It is spaghetti squash season & boy do we love it! The recipe we tried this week was a hit! My husband commented that this is probably one of his favorite dishes. It's fun to cook when the people you cook for like the food you make.
Hope you like this one too!
Recipe notes: The spaghetti squash and the tomatoes were both from HHM. I didn't have parmesan cheese on hand so substituted cheddar cheese for the parmesan.
The Purdue Extension FoodLink website is a great resource on food, how to cook different fruits and veggies, and it has great recipes, too. Click this link to learn more about squash. https://extension.purdue.edu/foodlink/food.php?food=winter%20squash
Tomato Basil Spaghetti Squash Bake
1 whole spaghetti squash, roasted, seeds removed, and scooped out
2T extra-virgin olive oil
2 cloves garlic, finely chopped
1/4c fresh basil leaves, finely sliced
salt and pepper
1/4c parmesan cheese, grated
2 whole ripe tomatoes, sliced
1/2c mozzarella cheese (or more if you prefer)

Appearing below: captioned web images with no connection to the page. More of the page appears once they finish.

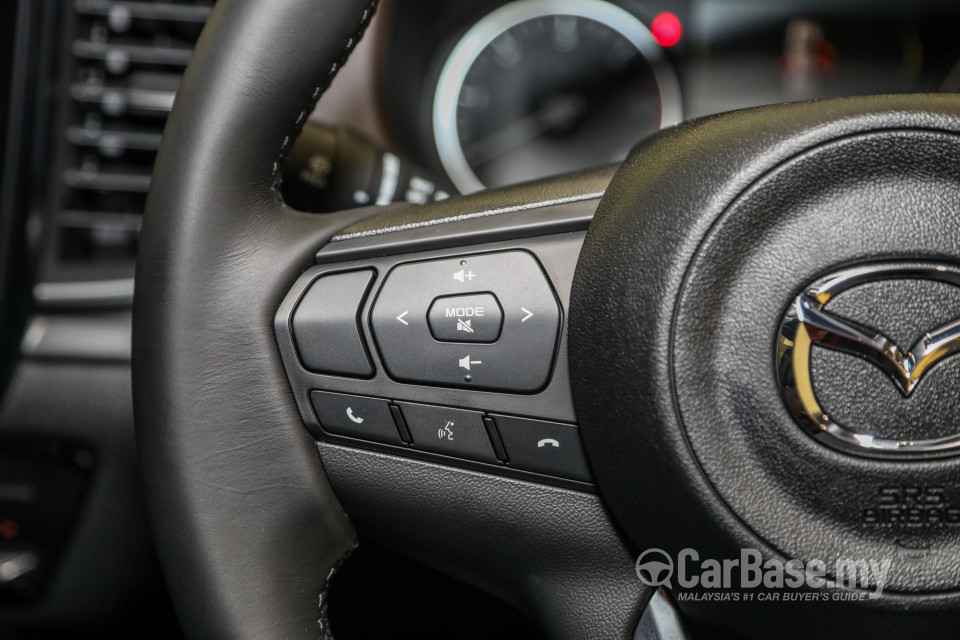 Mazda BT-50 TF (2021) Interior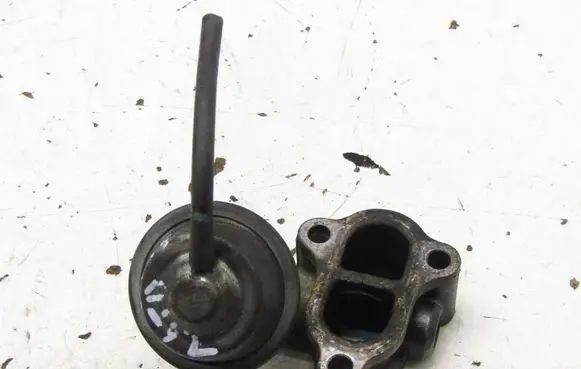 Toyota Yaris Throttle body valve 1131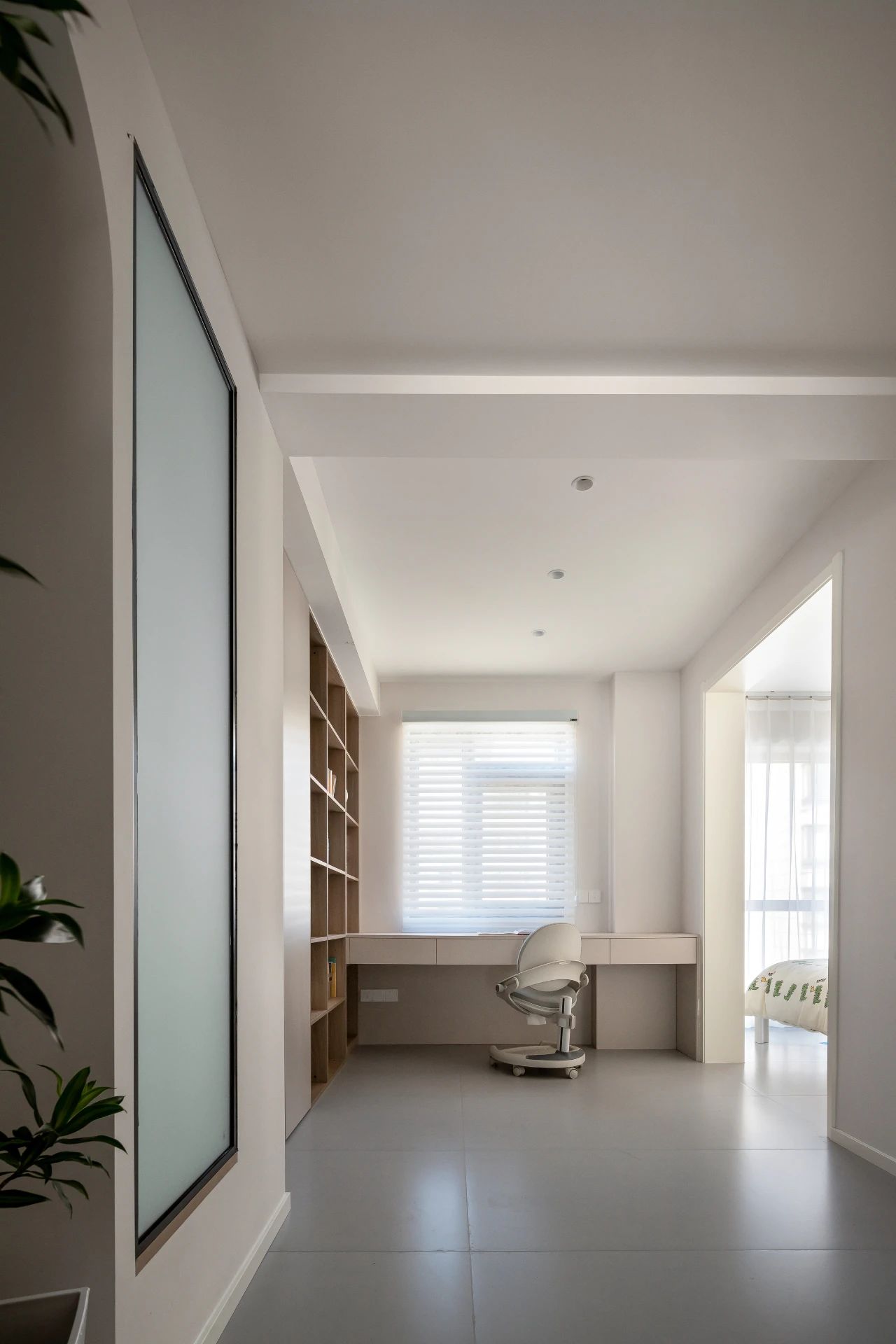 120㎡现代奶油风家居设计-23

Preheat oven to 375. Lightly grease an oblong shallow casserole dish (or similar).
To a mixing bowl, add the cooked squash "noodles," olive oil, garlic, basil, a generous amount of salt and pepper, and the parmesan cheese. Toss to coat (more olive oil can be added if needed - you want it moist, but not dripping). Spread mixture into the casserole dish. Lay tomato slices on top and season them lightly with salt and pepper. Sprinkle with mozzarella cheese and a little bit more freshly grated parmesan. Bake 25-30 minutes or until cheese is bubbly and beginning to brown. Serve promptly (a drizzle of balsamic and some more fresh basil on top is tasty, but optional).